The Canadian dollar has moved from a low of $0.718179 CAD/USD on Oct. 13 to a high of $0.754928 CAD/USD on Nov. 11, or roughly 367 basis points, while the move shows signs of stalling.

The Nov. 16 high fell just short of testing the Nov. 11 high, while also fell just short of testing the 100-day moving average of the exchange rate which is calculated at $0.755841 CAD/USD. This moving average is significant; since reaching the June 1, 2021 high, the spot dollar exchange rate has moved above the 100-day moving average five times but each move was brief, and has led to lower-highs in four of the five moves above the 100-day.

The Nov. 16 move resulted in a bearish outside bar formed on the daily chart, trading higher then lower than the previous two sessions, while ending lower. The move also filled the gap in trade formed from the move from Nov. 10 to Nov. 11, although today's close found support above $0.75 CAD/USD as well as above the lower end of the recent gap in trade. shows the Canadian dollar reaching a seasonal high for the year in the month of October while the loonie tends to weaken in November. Over the past 20 years, the Canadian dollar future has averaged a 0.6% loss, which is the last of three monthly losses shown for the year and the largest monthly average loss seen during the year.
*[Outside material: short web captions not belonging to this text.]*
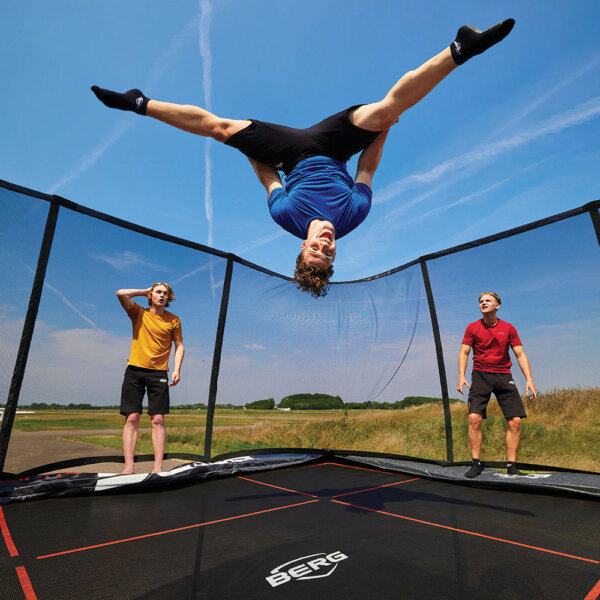 Teenager Trampolin springen - zum Beispiel auf dem BERG Ultim Pro Bouncer - Ratgeber trampolin-profi.de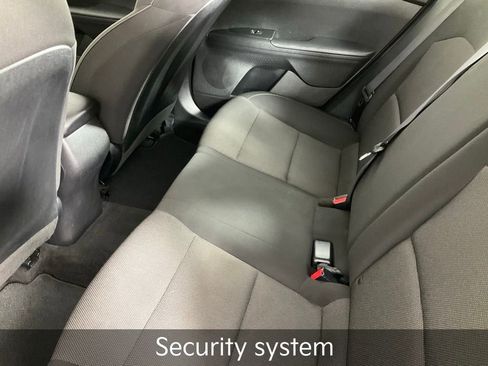 Certified 2023 Kia Forte LXS image 15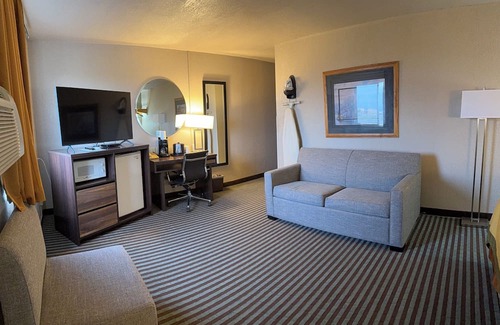 Lexington Hotel | Right off the Interstate, American style Restaurant/Bar Next door & Great Rates!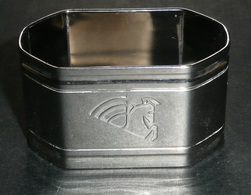 Rond De Serviette, Décor "crevette" Logo Air France, Métal Argenté, Compagnie Aérienne, Pégase Cheval Ailé, Hippocampe - Silverware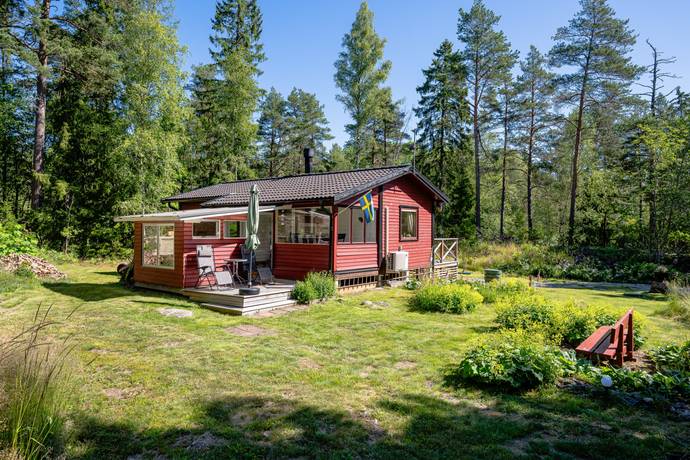 3 rum vinterbonat fritidshus på Gränsvägen 4 Malmsjöstugan, Gnesta kommun - bild 1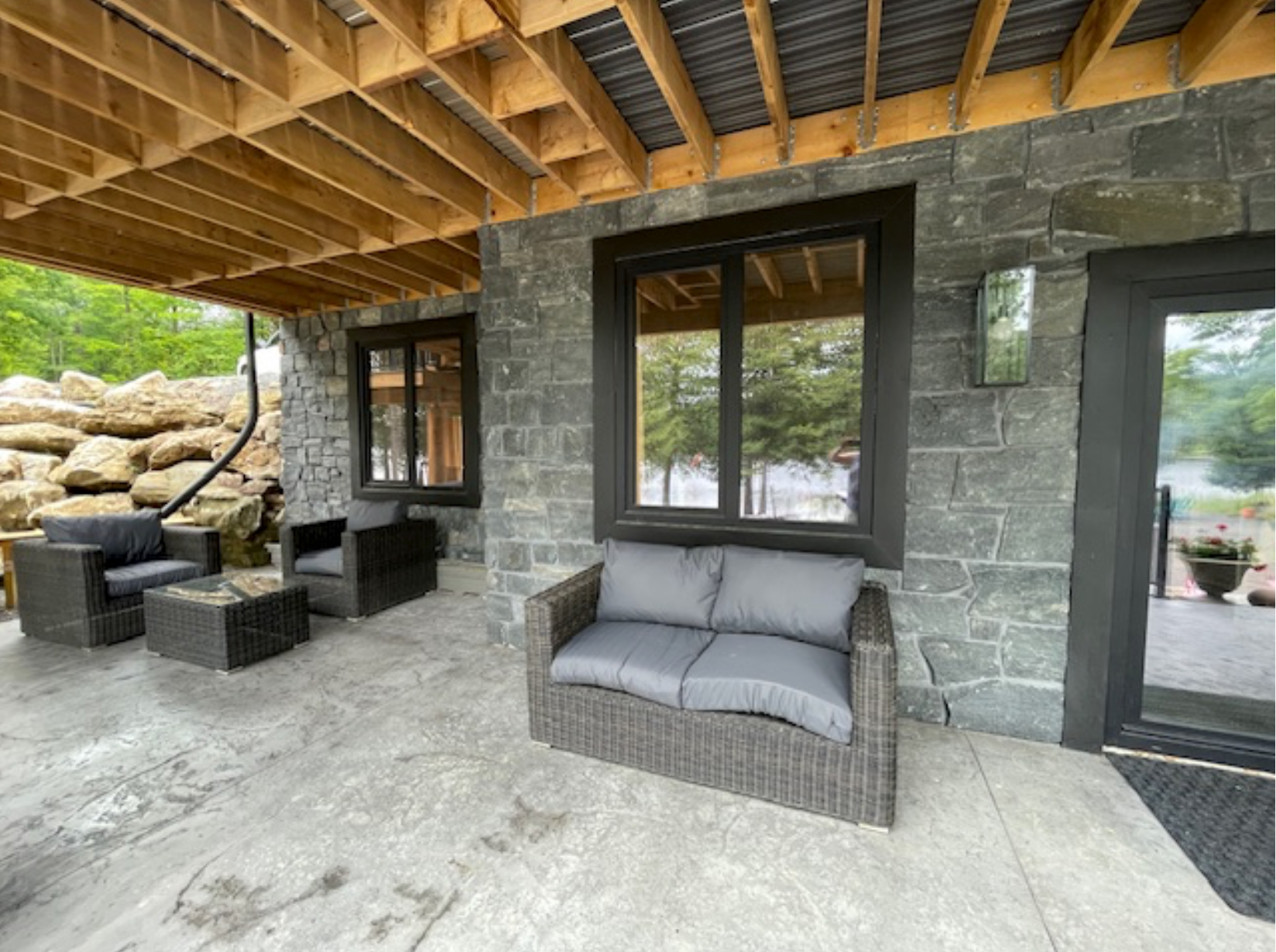 Midnight Black Squares and Rectangles - Full Bed Building Stone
During the past 20 years, the loonie has gained strength in 35% of the years in question, ranging from a maximum gain of 2.7% to a maximum loss of 5.7%. The spot dollar chart shows that the Canadian dollar's exchange with the U.S. dollar has weakened in four of the past five Novembers (2017-21), with the loss averaging 37.6 basis points.

The first study on the attached chart shows the histogram of the noncommercial or speculative net-short position, which has grown larger for the first time in four weeks in the week ending Nov. 8 to 18,464 contracts net-short. This data shows the most recent data is close to testing the longest stretch of bearish noncommercial activity seen since January.

The stochastic momentum indicators seen in the lower study signals recent attempts to sustain upward momentum, although today's trade resulted in a bearish cross-over of indicators while in overbought territory and may be signaling a bearish turn.

Should this exchange sustain a move below $0.75 CAD/USD, watch for a potential drop to the 38.2% retracement of the move from the October low to November high at $0.7409 CAD/USD, while psychological support lies at $0.74 CAD/USD and the intersection of the 20-day and 50-day moving averages, close to $0.7390 CAD/USD.

Today's Statistics Canada Consumer Price Index shows the CPI unchanged in October at 6.9%, which may lead to increased uncertainty surrounding the Bank of Canada's next move, with its next policy interest rate announcement on Dec. 7.